I would say both search engines hit their target markets well. Most people searching "massachusetts custody modification" don't want 20 decisions of the Mass SJC. And people searching the same on Westlaw don't want attorneys. Google is much much faster though. It returns in a fraction of a second. Westlaw took about 12 seconds to return 10,000 hits. First three hits were decided yesterday, which is pretty cool.

There is a group of people creating an open legal database. I can't remember its name. I think they are based in the San Fran area. I think it was started by some hacker that worked on opening up some other government data and is now on the court system. I have the bookmark buried somewhere and of course can't find it. Does anyone know which one I am talking about? We could maybe test that database versus the commercial West one.

thanks for the write up.. interesting to see how things develop in the real world outside your own domain.

I'm surprised the big G hasn't just paid some money to get that data, given their plan to scan all the worlds books.

I wonder what percent of all text is legal or medical.

I doubt West, LexisNexis, or any other legal aggregator will sell the information to Google. Those companies make a lot of money selling it to lawyers on a monthly subscription basis. They also do some value-add to the materials. What I see on West or LexisNexis is more than just the publicly available decision. West and Lexis employ lawyers to create summaries and other helpful things for the legal researcher.

There certainly is a lot of legal text. Lawyers certainly are good at creating volumes of paper. For example, the Supreme Court just decided a case, Wyeth v. Levine. It will be recorded in volume 555. So to date the Supreme Court decisions have filled 554 volumes of 1000 pages each. And that is just one court. Every state court, state appeals court, and state supreme court, federal court, land court, etc has similar volumes and page counts.

And all of this is just the primary sources. Once you add secondary sources, aka books and papers written by learned scholars on individual topics or cases, the number of books and pages increase by orders of magnitude. And we still haven't archived any statutes (those go on forever, for each state) or any administrative law. And each one of those has comment sections that go on for pages whereas the actual rule is only a paragraph.

I wonder what percentage this is, too. I bet it is still extremely small compared to what the rest of the world has produced. There are so few law writers when compared to all other writers.

Thats a lot of text. The few patents Ive read strike me as quite verbose. I was quite amazed at what was patentable, and how loosely described {ephemeral!} the descriptions were. I'm not suggesting all legal text is as sparse in information.

We could certainly do with a better text search for patents.. but I wonder if thats possible unless a form of restricted prose is used that makes the text less obtuse/verbose.

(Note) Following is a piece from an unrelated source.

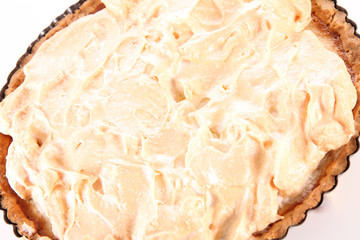 Fototapeta na wymiar Lemon meringue tart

Maybe an algorithm can reduce the common legal motifs and replace them with shorter versions thus refactoring legal-speak into human-readable prose on which text search can be effective.

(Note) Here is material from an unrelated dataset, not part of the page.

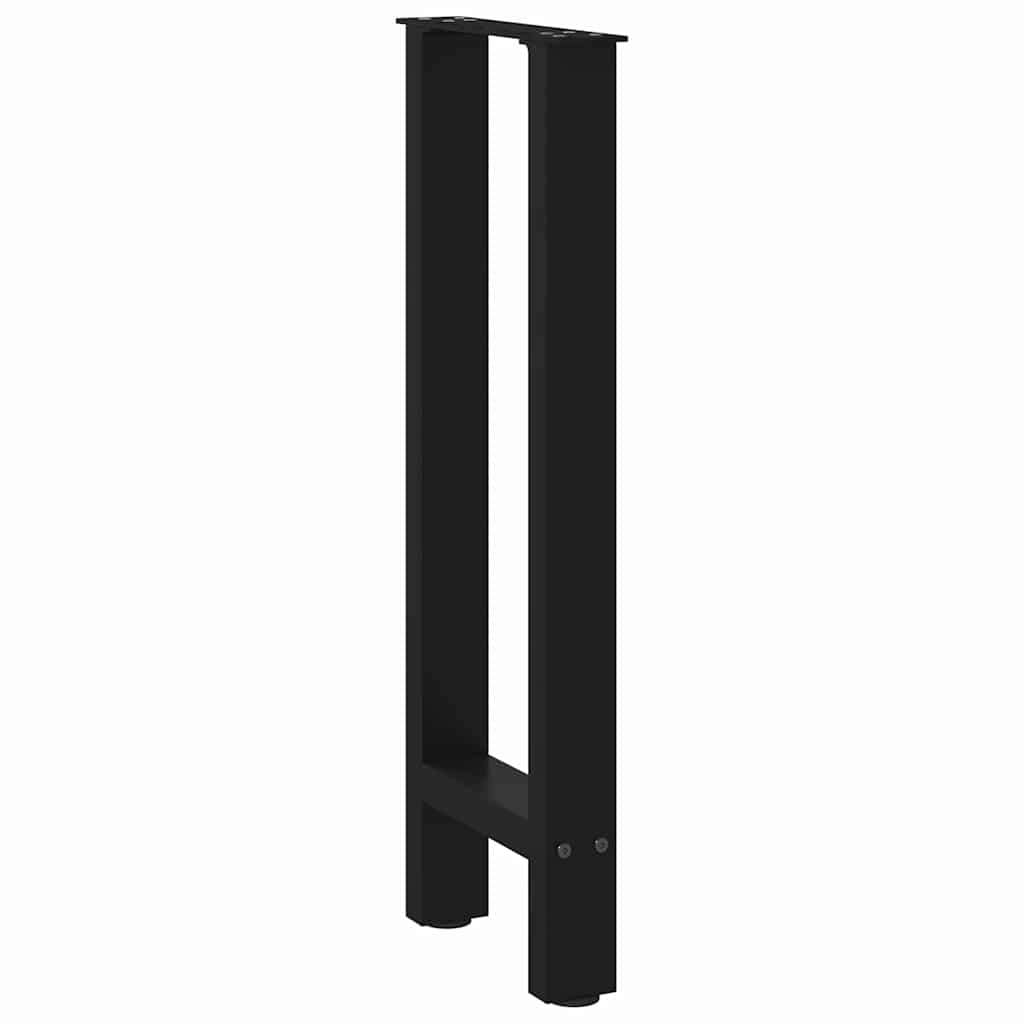 Konsolinio stalo kojos, juodos, 2 vnt., 38x(72-73) cm, plienas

[ For some reason this reminds me of the law student drama series 'the paper chase'. ]

How well is the information hyper-linked? Presumably one paper references many previous rulings, and youd jump around a lot in researching issues.

Hi micks56, I would like to ask someone who has a grounding in both law and technology some questions not directly related to this discussion but to software for lawyers in general. Your profile doesn't have an email ID. Care to email me at heuristix at gmail or reply back with your email id?
I just sent you an email. I am happy to answer any questions that you or anyone else has.
Thank you! Got the mail. I'll write up my question(s) today evening and email you.
I think I just said what you just said.. but then I read your post.

Is this something you'd enjoy hacking on?